● The data
•••••
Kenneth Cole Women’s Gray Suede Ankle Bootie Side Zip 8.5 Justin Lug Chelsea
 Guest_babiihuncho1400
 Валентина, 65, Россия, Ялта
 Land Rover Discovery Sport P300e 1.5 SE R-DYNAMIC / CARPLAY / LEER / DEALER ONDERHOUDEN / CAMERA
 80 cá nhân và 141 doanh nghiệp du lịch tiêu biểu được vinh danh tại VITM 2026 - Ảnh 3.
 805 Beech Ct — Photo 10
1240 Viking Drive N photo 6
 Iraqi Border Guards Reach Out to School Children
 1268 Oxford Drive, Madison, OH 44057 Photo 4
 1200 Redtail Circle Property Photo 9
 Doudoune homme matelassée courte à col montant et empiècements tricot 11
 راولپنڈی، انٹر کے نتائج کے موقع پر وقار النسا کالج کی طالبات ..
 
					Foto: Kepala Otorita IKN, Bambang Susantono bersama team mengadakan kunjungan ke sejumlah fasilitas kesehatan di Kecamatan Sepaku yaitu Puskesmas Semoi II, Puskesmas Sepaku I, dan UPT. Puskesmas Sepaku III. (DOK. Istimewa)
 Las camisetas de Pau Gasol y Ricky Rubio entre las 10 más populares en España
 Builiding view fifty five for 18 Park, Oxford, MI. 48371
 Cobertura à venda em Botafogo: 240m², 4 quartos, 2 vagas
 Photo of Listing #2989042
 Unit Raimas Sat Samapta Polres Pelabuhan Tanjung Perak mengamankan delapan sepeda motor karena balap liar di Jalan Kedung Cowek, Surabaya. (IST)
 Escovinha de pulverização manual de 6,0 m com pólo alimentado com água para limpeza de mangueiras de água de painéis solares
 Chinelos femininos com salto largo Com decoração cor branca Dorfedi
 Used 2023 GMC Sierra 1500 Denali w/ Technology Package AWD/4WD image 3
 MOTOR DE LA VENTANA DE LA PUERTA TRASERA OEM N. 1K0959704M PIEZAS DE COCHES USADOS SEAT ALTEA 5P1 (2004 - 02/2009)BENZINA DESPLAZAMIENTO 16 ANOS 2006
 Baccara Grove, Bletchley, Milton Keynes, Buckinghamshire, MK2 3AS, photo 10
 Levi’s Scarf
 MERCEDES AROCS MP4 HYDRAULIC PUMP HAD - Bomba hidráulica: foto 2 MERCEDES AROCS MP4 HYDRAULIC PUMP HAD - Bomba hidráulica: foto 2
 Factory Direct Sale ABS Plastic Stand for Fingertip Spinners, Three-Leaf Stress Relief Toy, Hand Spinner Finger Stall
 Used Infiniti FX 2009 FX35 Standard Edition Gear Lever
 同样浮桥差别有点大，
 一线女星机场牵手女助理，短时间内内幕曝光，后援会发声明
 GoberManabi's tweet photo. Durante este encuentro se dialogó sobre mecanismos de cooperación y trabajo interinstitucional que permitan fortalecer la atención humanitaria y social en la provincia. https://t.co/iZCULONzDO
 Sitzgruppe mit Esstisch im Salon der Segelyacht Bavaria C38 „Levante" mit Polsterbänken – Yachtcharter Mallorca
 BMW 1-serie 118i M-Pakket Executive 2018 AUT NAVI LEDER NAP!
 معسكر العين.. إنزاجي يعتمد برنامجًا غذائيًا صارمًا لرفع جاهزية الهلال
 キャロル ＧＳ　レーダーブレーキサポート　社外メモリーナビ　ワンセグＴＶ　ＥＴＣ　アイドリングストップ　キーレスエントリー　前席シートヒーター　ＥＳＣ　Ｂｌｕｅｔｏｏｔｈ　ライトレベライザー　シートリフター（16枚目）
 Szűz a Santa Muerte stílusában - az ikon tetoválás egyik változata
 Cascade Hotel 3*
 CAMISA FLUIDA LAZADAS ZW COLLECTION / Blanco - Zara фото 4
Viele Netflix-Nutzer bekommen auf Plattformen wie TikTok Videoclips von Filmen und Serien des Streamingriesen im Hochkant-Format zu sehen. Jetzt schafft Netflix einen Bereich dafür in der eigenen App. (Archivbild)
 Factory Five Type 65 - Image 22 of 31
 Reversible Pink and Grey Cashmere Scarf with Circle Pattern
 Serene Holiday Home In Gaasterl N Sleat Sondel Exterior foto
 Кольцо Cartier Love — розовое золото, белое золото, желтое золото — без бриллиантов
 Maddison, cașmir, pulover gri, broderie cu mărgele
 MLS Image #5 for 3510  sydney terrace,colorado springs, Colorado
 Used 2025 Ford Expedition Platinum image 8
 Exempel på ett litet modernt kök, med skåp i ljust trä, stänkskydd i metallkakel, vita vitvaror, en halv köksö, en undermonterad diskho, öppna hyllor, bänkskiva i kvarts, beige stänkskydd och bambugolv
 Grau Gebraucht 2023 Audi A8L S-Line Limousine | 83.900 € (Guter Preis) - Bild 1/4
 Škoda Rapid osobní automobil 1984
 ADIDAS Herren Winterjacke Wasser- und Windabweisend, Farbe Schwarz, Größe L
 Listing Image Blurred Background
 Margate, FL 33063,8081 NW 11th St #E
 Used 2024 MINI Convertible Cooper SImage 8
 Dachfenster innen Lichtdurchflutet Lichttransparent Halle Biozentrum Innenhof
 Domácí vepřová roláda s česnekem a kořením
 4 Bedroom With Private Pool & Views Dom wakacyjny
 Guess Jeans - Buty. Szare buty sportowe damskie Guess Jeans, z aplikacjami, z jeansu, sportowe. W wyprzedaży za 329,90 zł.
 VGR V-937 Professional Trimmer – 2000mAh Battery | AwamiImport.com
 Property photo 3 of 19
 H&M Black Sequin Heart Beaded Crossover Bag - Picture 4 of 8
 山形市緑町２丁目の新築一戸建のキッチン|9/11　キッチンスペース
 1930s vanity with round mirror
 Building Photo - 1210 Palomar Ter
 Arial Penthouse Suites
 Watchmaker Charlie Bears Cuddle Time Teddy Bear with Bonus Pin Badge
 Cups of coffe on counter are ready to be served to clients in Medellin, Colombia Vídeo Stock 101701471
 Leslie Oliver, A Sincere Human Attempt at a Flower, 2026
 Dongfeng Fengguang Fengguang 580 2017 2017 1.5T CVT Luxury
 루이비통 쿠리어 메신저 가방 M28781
•••••
● Work order
Only the lines from the one containing "Property photo 3 of 19" through the end of the material should be copied, exactly as they stand; please keep both ends.

● Answer section
 Property photo 3 of 19
 H&M Black Sequin Heart Beaded Crossover Bag - Picture 4 of 8
 山形市緑町２丁目の新築一戸建のキッチン|9/11　キッチンスペース
 1930s vanity with round mirror
 Building Photo - 1210 Palomar Ter
 Arial Penthouse Suites
 Watchmaker Charlie Bears Cuddle Time Teddy Bear with Bonus Pin Badge
 Cups of coffe on counter are ready to be served to clients in Medellin, Colombia Vídeo Stock 101701471
 Leslie Oliver, A Sincere Human Attempt at a Flower, 2026
 Dongfeng Fengguang Fengguang 580 2017 2017 1.5T CVT Luxury
 루이비통 쿠리어 메신저 가방 M28781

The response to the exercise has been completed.